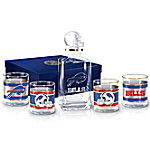 Buy Buffalo Bills NFL Glass Decanter Set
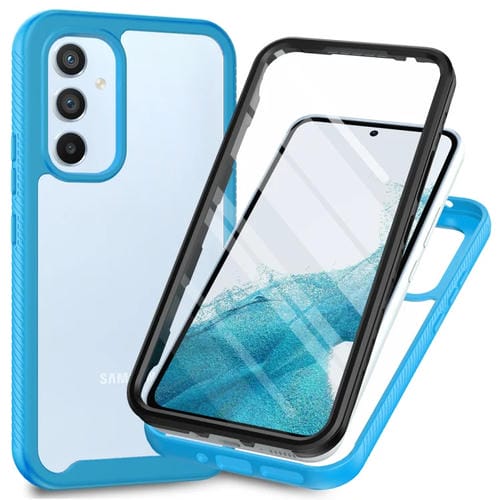 Funda Protectora para Samsung Galaxy A54 5G TPU + PC + Pet Transparente Integrada Dos Capas (Azul Claro)
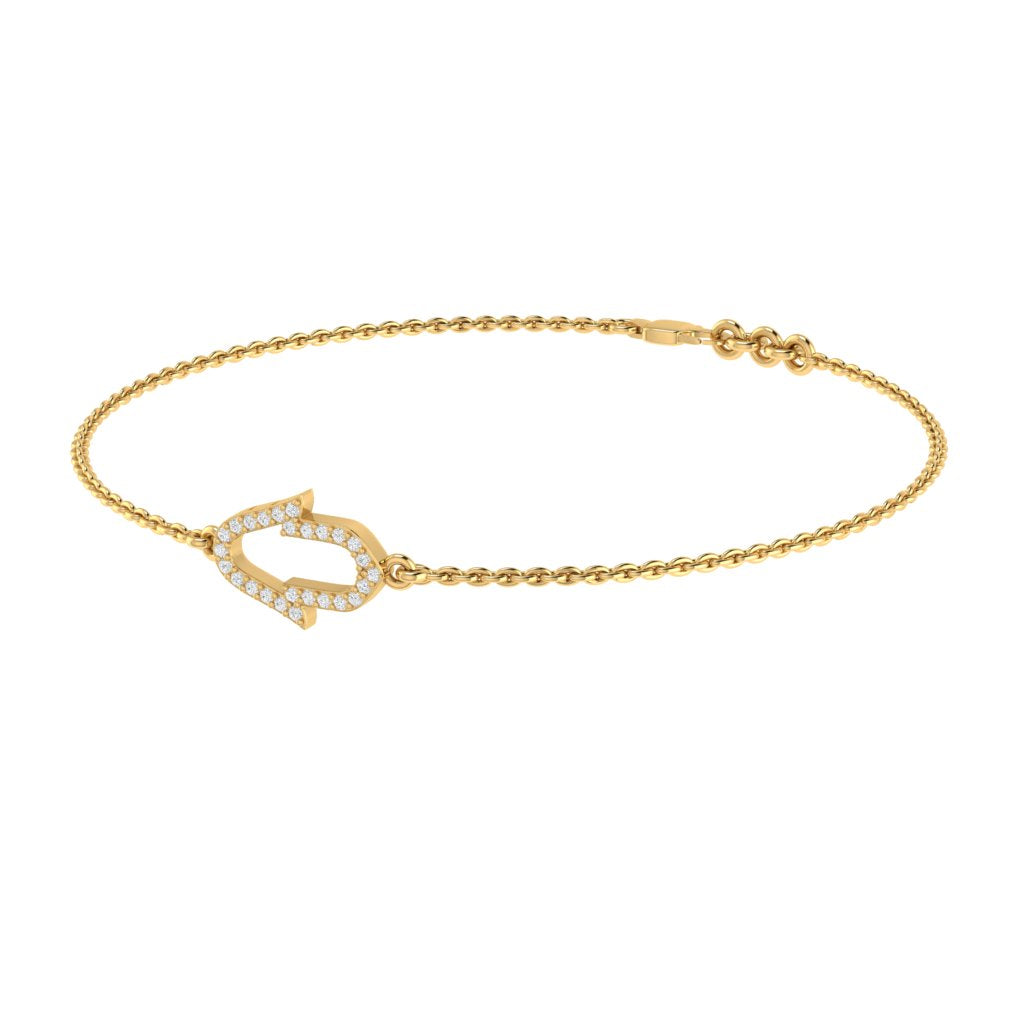 Hamsa hand chain Bracelet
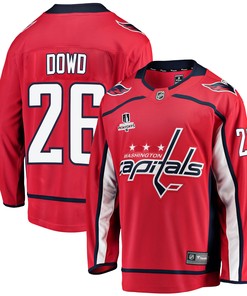 Washington Capitals Nic Dowd 26 Home 2022 Stanley Cup Playoffs Breakaway Men Jersey - Red - Robokeg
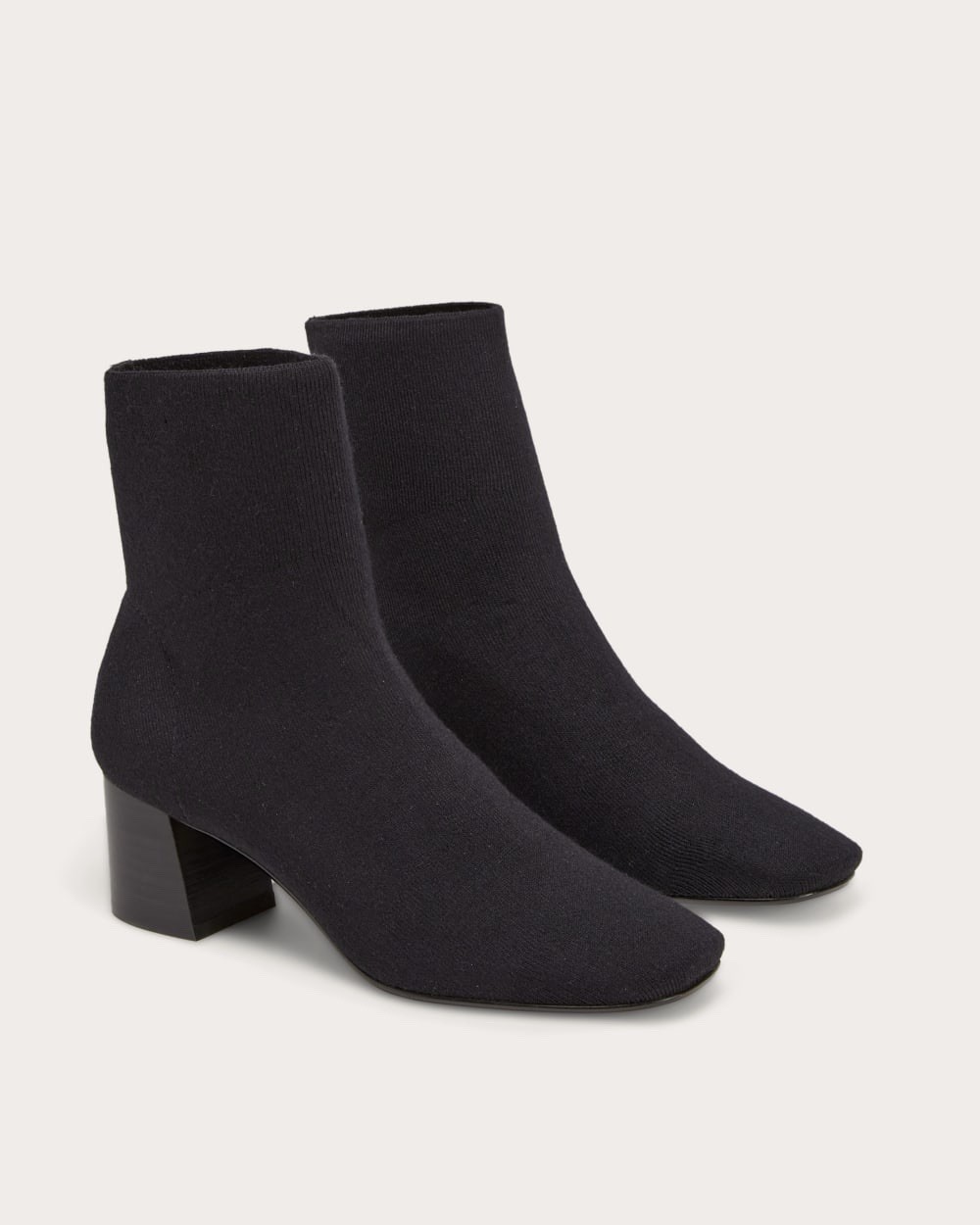 Everlane The Day Boot ReKnit Black Stretch Ankle Boots Block Heel Size 9 NWB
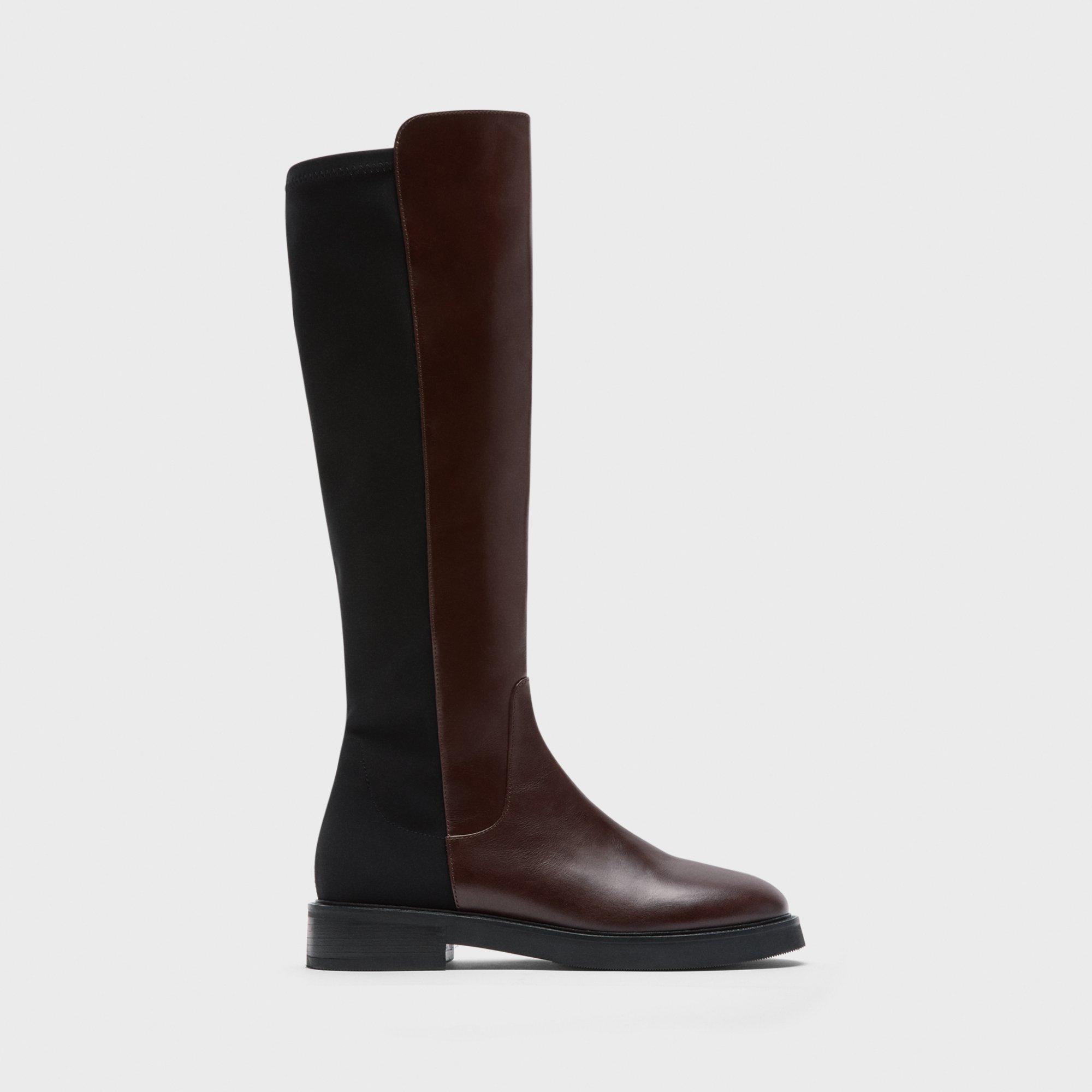 Knee-High Pull-On Boot in Leather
==============================
## YOUR GOAL
With the pictures left out, write out exactly the lines from the line containing "Hamsa hand chain Bracelet" through the last line of the entries above, both ends included, and no others.

## ANSWER TO THIS TASK
 Hamsa hand chain Bracelet
 Washington Capitals Nic Dowd 26 Home 2022 Stanley Cup Playoffs Breakaway Men Jersey - Red - Robokeg
 Everlane The Day Boot ReKnit Black Stretch Ankle Boots Block Heel Size 9 NWB
 Knee-High Pull-On Boot in Leather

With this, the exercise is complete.